The submission (left) and graphical layout (right) part of the web interface. In the submission part the user specifies the input file, the format of output files, the logotype and the conditions for the handling of the input data. In the Graphical Layout part, the user customizes the graphical layout of the logo plot; page size, stacks per line, lines per page, colours, bars, rotation of position numbers and title.
Figure 2.
Output from Seq2Logo. The upper panel shows the sequence logo calculated from a set of 13 artificial peptide sequences using the specification defined in Figure 1 (sequence weighting using clustering, pseudo count with a weight of 200 and logotype as Kullback–Leibler). Enriched amino acids are shown on the positive _y_-axis and depleted amino acids on the negative _y_-axis. The lower panel gives the position-specific (log-odds) scoring matrix (PSSM) calculated by Seq2Logo. Each line corresponds to a position and gives the consensus amino acid and the log-odds scores for the 20 amino acids.
Figure 3.
Sequence logos generated from small sequence samples. All logos except the right logo in the lower row were calculated from a set of 13 artificial peptide sequences proposed to bind HLA-A*02:01 (see Figure 1). The upper row shows logos calculated by Seq2Logo using: (i) without sequence weighting and pseudo count correction, (ii) sequence weighting by clustering and no pseudo count correction and (iii) sequence weighting by clustering and pseudo count correction with a weight on prior of 200. The lower row shows logos calculated using: (i) Weblogo with ‘small sample correction’, (ii) EnoLOGOS and (iii) Seq2Logo from a set of 229 HLA-A*02:01 9mer ligands downloaded from the SYFPEITHI database (12) with sequence weighting by clustering and pseudo count correction with a weight on prior of 200.
Figure 4.
The different logotype representations covered by Seq2Logo. Sequence logos generated from at set of 13 artificial peptide sequences proposed to bind HLA-A*02:01 (see Figure 1). All logos were calculated using clustering and pseudo counts with a weight on prior at 200. Upper row, left panel: Shannon, right panel: Kullback–Leibler. Lower row left panel: weighted Kullback–Leibler, right panel: probability weighted Kullback–Leibler.
Figure 5.
PSSM-logo for the N-linked glycosylation motif. The motif was calculated from a set of 2128 unique experimentally verify N-glycosylation sites downloaded from the UniprotKB protein database.

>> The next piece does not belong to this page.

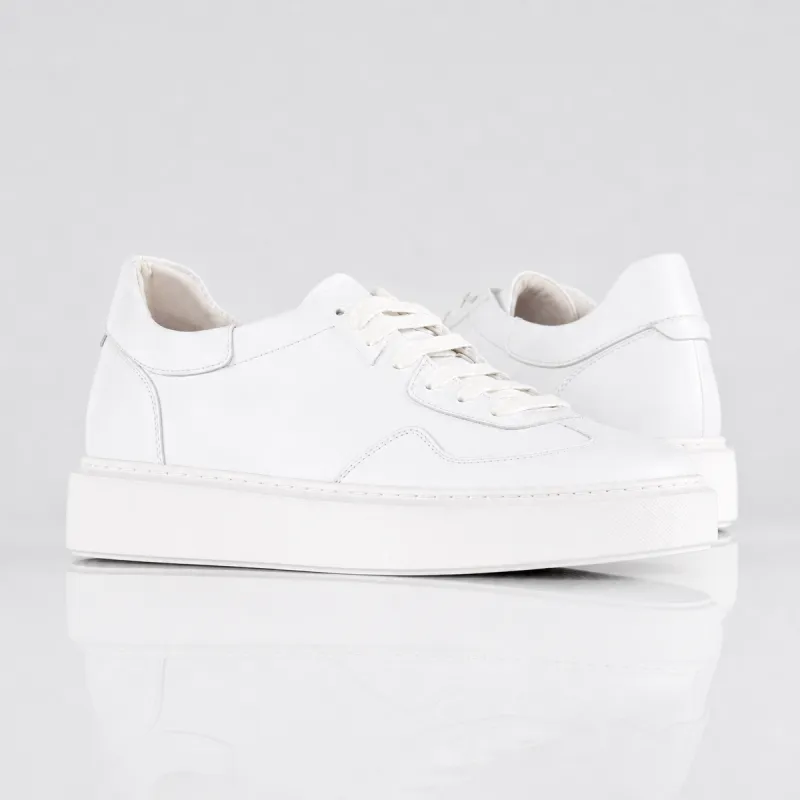 Męski sneaker z podwyższoną podeszwą: styl, komfort i smukła sylwetka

Only peptide fragments of length 11 (5 before and 5 after the N) were included in the analysis.
Figure 6.
Seq2Logo visualization of a Blast sequence profile for 1K7C chain A. The Blast profile was obtained using Blast2logo (
www.cbs.dtu.dk/biotools/Blast2logo
(14 May 2012, date last accessed)) searching against the nr70 sequence database with default options. The active site of 1K7C:A is defined by the residues S9, G42, N74, D192 and H195 (13). All these residues show up as highly conserved in the sequence logo.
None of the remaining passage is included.